Uno degli aspetti più affascinanti della cultura dei giapponesi, per me, è la loro ammirazione per i perdenti.
Nella cultura occidentale, gli eroi sono sempre vincenti (oltre che giovani e belli) e quando subiscono sconfitte, rimangono eroi malgrado la sconfitta; i Giapponesi invece spesso costruiscono l’epopea di un eroe proprio grazie alla sua sconfitta.
La storia di Minamoto no Yoshitsune ne è un tipico esempio: le sue brillanti vittorie militari non contribuirono alla sua fama di eroe nazionale quanto i lunghi mesi vissuti come fuggiasco, inseguito dal crudele fratello, e culminati nel rituale seppuku.

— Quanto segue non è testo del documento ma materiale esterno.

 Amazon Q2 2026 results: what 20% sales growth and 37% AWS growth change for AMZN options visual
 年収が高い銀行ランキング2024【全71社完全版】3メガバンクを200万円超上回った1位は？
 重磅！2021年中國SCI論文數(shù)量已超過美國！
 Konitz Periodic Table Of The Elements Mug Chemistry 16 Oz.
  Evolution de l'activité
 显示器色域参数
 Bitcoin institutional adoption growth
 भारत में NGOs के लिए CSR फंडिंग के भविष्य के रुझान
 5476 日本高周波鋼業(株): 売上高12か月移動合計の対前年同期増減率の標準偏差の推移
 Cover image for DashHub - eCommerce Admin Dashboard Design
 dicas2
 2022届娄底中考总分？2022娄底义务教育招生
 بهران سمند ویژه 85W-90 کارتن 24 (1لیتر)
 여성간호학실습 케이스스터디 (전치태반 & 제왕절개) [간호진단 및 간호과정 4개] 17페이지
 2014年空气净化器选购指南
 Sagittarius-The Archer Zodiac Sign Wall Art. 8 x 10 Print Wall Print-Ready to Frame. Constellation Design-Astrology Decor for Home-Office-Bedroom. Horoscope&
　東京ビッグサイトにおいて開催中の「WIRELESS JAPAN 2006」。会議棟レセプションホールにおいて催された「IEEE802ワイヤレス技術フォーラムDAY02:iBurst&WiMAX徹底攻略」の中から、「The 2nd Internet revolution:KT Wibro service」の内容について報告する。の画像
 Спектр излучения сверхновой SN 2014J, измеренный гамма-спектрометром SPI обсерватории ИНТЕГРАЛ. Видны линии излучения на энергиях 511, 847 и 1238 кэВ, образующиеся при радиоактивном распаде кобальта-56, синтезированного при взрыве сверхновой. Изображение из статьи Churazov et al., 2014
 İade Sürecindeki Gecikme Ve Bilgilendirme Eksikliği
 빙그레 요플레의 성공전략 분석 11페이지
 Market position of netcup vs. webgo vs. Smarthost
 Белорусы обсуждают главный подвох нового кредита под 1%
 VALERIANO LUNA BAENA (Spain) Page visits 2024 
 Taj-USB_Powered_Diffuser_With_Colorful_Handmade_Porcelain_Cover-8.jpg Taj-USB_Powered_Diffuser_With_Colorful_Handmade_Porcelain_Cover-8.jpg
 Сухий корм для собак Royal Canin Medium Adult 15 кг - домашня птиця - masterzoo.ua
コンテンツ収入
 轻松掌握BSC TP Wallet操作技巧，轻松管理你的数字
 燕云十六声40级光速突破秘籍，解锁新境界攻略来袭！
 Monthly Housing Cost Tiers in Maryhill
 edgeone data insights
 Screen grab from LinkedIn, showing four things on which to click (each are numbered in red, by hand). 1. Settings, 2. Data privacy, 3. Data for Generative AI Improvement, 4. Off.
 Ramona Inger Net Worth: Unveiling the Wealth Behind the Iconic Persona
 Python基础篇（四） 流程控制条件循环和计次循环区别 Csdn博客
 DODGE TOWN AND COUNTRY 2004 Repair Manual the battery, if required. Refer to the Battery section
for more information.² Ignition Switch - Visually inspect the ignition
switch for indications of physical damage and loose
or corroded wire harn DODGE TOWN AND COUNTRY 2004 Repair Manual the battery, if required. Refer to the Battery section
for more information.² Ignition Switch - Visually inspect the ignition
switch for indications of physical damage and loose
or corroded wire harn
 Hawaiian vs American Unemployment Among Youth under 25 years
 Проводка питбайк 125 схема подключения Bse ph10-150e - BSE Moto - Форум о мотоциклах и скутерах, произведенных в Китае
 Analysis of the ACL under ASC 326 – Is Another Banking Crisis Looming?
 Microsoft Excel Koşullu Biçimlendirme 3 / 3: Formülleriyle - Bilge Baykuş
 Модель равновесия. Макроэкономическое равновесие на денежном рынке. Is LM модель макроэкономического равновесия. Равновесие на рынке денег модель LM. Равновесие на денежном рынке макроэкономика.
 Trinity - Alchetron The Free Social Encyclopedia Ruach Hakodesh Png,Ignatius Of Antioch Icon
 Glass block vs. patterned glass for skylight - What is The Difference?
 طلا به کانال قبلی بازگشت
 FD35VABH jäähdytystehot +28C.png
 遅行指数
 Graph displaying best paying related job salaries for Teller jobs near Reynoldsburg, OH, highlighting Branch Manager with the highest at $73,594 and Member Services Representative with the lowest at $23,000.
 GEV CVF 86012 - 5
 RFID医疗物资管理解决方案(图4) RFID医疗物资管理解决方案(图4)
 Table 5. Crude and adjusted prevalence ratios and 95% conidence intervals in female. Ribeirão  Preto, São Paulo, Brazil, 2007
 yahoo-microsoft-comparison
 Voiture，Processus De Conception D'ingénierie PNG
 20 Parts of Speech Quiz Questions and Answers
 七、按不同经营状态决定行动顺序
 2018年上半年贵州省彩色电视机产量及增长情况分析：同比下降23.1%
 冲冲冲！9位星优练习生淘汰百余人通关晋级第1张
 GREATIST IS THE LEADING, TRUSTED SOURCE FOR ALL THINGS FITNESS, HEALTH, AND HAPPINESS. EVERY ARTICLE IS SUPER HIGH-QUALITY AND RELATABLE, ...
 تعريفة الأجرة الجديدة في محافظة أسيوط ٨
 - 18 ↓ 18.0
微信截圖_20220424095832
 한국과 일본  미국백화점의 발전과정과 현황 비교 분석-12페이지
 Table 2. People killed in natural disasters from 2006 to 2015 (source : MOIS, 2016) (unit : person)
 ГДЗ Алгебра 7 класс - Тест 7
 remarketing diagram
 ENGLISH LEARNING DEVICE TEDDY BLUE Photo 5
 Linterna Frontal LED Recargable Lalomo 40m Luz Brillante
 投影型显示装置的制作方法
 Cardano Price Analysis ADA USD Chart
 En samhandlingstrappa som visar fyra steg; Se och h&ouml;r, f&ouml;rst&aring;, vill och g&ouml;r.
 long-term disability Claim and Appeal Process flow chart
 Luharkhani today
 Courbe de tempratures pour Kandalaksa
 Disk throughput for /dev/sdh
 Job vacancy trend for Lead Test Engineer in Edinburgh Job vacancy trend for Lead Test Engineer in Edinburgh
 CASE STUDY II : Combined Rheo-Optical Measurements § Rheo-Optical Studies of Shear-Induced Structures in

“Resta in silenzio e accetta la sconfitta
che ti assegnano voci volgari…
In un luogo di pietra
Taci ed esulta,
Ché di tutte le cose
Questa è la più difficile”
(William Butler Yeats)

o per dirla con Franco Califano, “Se riesci a sorridere alla sconfitta, è una vittoria sulla sconfitta”



Samurai dallo sguardo enigmatico mi fissano dall’antico vaso che una altrettanto antica prozia portò da un viaggio in Oriente.
Quando le cose non vanno per il verso giusto, mi faccio giapponese anch’io: accetto la sconfitta ed esulto, ché di tutte le cose questa è la più difficile.